Exercise requirements ▸
Only the stretch of the listing below that runs from the line with "千葉県柏市つくしが丘3【アパート】の外観" through the line with "2017 Kawasaki VULCAN S Black" is to be printed, exactly and with both ends.

Data to examine ▸
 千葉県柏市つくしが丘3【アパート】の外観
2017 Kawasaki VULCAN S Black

* * *

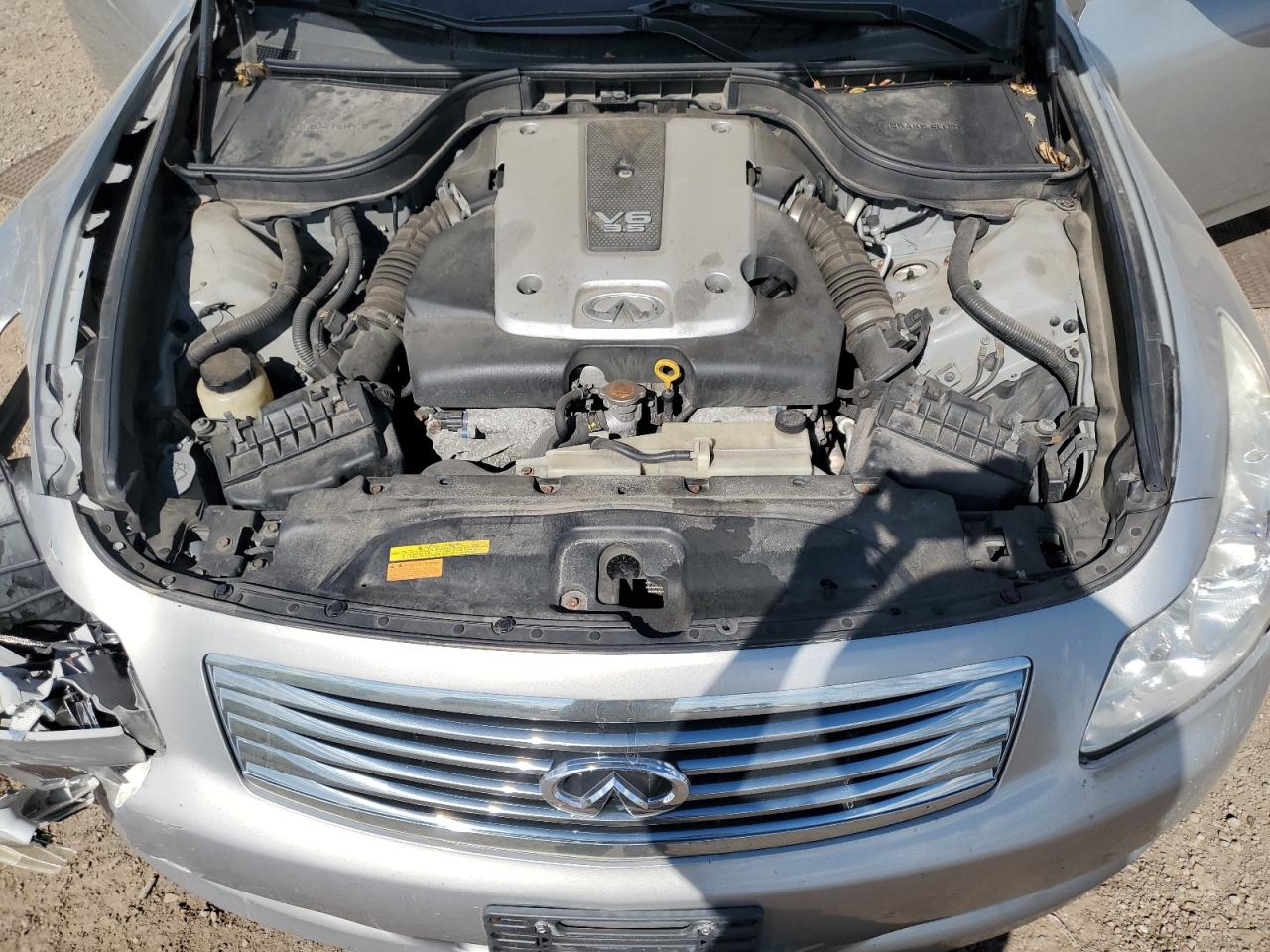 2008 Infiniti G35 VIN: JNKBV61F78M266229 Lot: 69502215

...

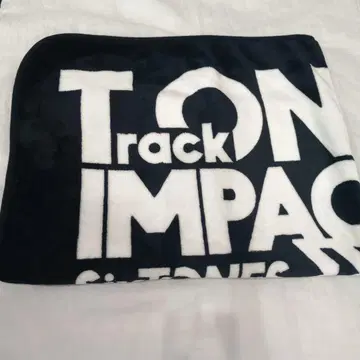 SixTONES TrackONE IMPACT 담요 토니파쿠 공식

Task response ▸
 千葉県柏市つくしが丘3【アパート】の外観
2017 Kawasaki VULCAN S Black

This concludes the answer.